**THE PROBLEM:**
Set out word for word the line that contains "фото Kia Sportage III 2014" and each line after it, through the end of the data below, but exclude the pictures.

++++ GIVEN RECORDS

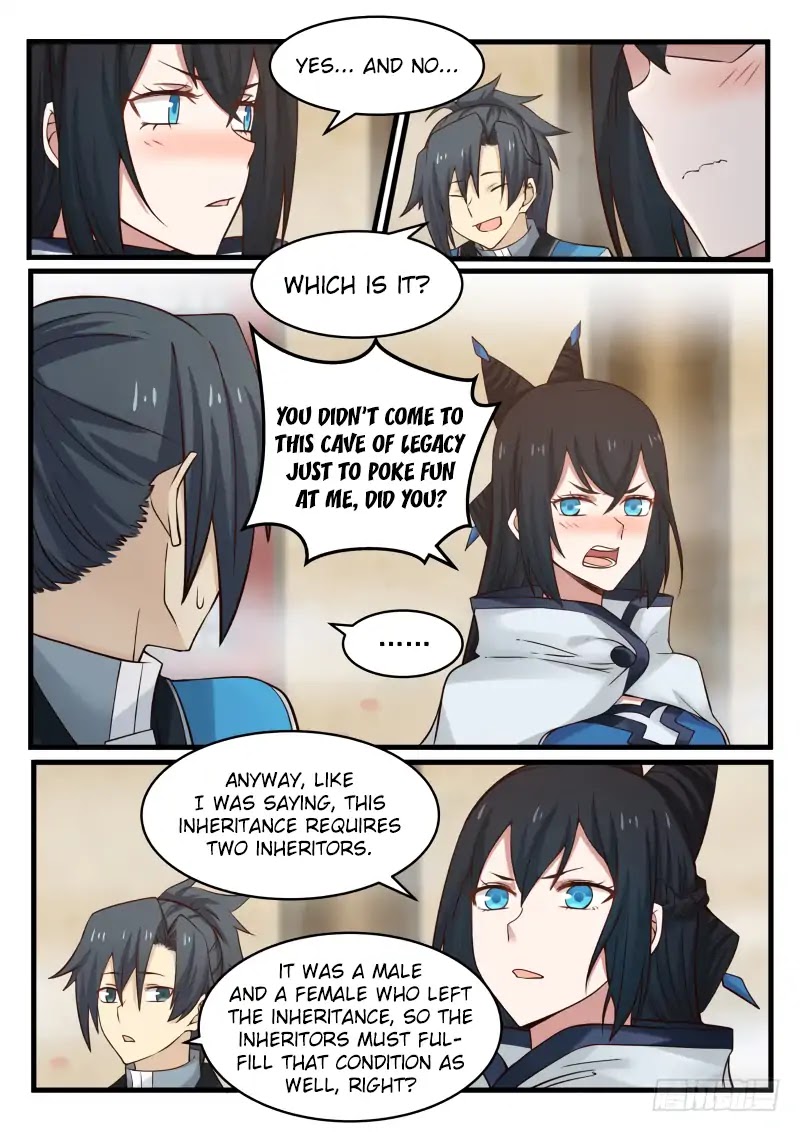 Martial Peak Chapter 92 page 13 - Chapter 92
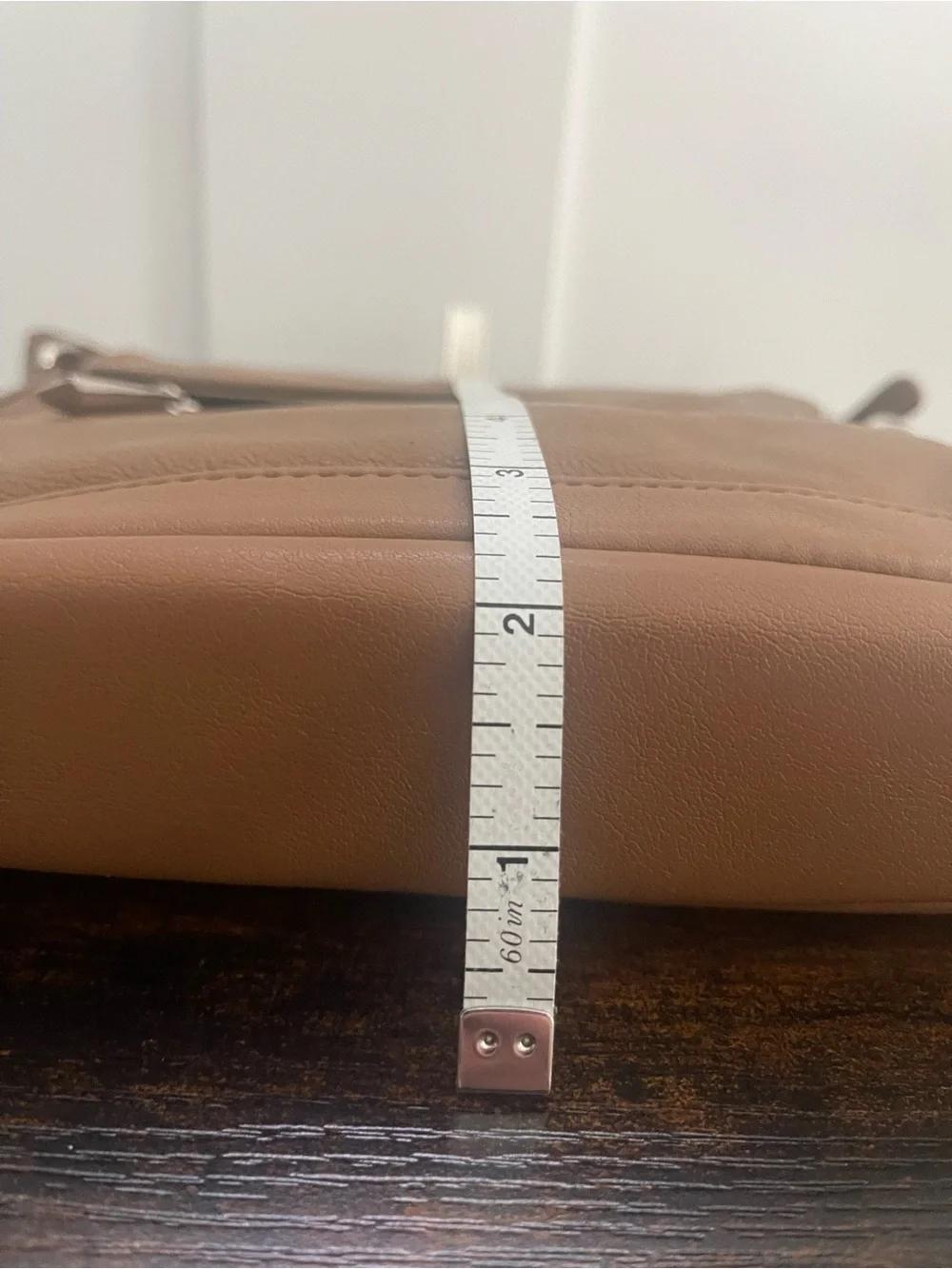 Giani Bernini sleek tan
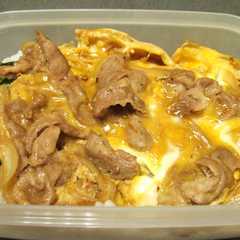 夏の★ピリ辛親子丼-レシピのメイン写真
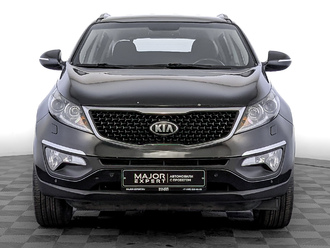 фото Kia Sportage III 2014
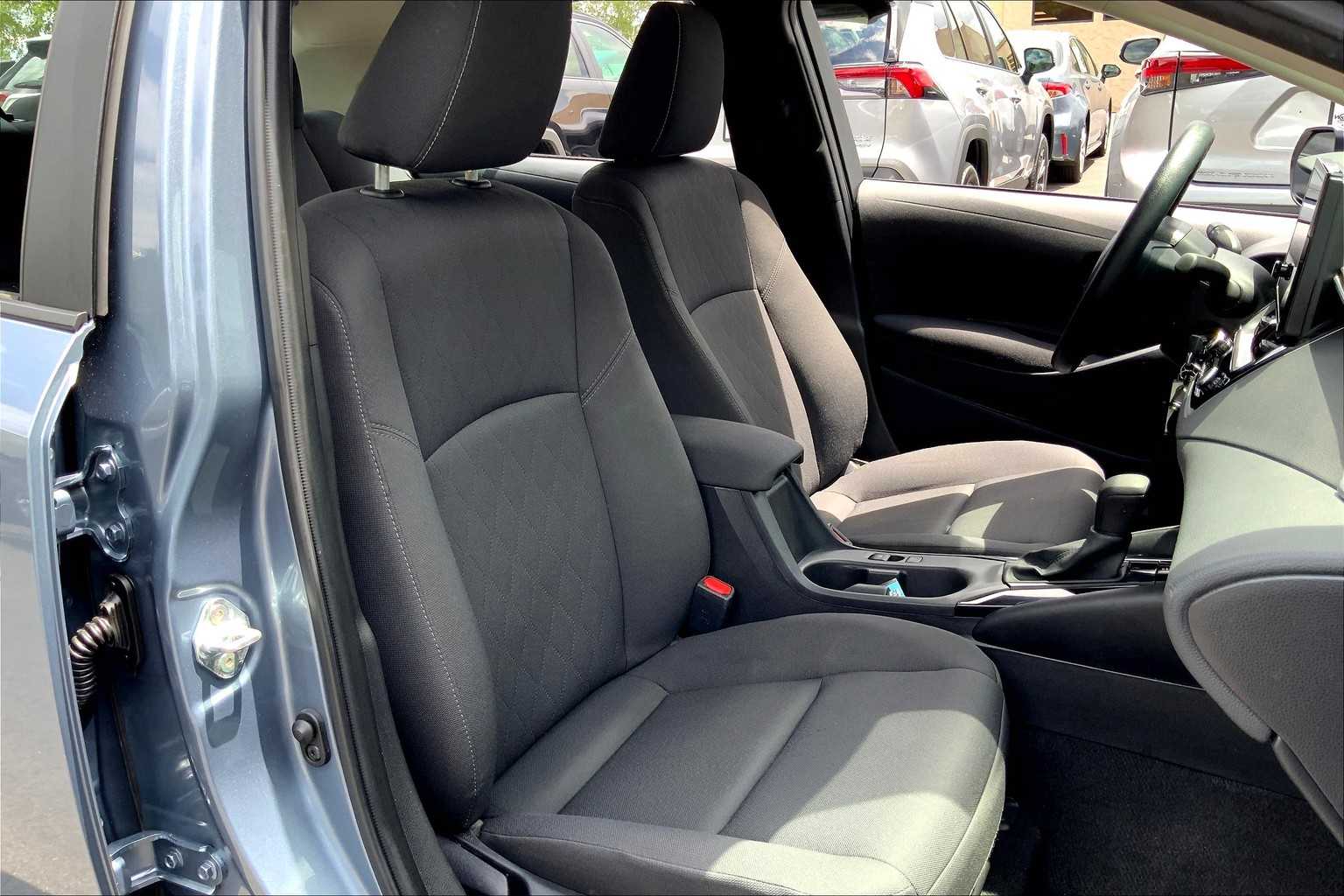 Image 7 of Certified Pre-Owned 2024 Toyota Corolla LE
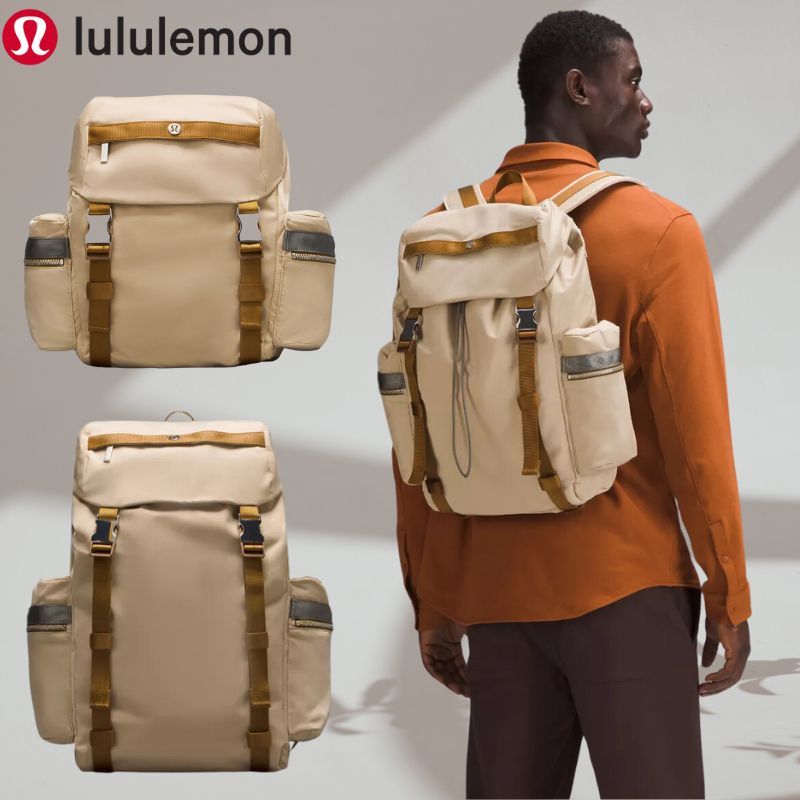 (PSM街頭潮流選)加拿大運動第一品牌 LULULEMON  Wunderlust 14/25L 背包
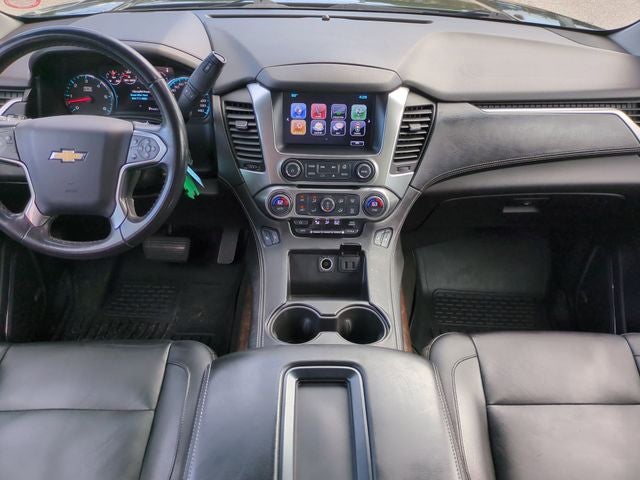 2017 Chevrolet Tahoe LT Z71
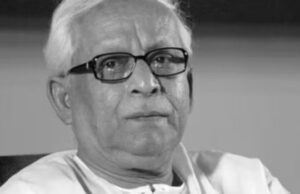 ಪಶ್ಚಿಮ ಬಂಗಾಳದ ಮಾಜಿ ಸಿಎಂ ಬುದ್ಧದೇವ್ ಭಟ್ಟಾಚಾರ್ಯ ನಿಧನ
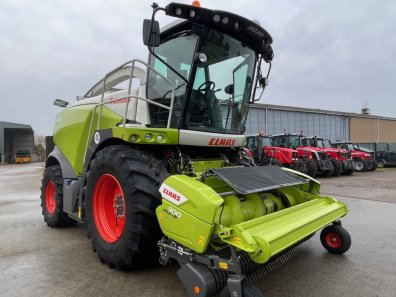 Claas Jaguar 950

++++++++

**YOUR SOLUTION:**
 фото Kia Sportage III 2014
 Image 7 of Certified Pre-Owned 2024 Toyota Corolla LE
 (PSM街頭潮流選)加拿大運動第一品牌 LULULEMON  Wunderlust 14/25L 背包
 2017 Chevrolet Tahoe LT Z71
 ಪಶ್ಚಿಮ ಬಂಗಾಳದ ಮಾಜಿ ಸಿಎಂ ಬುದ್ಧದೇವ್ ಭಟ್ಟಾಚಾರ್ಯ ನಿಧನ
 Claas Jaguar 950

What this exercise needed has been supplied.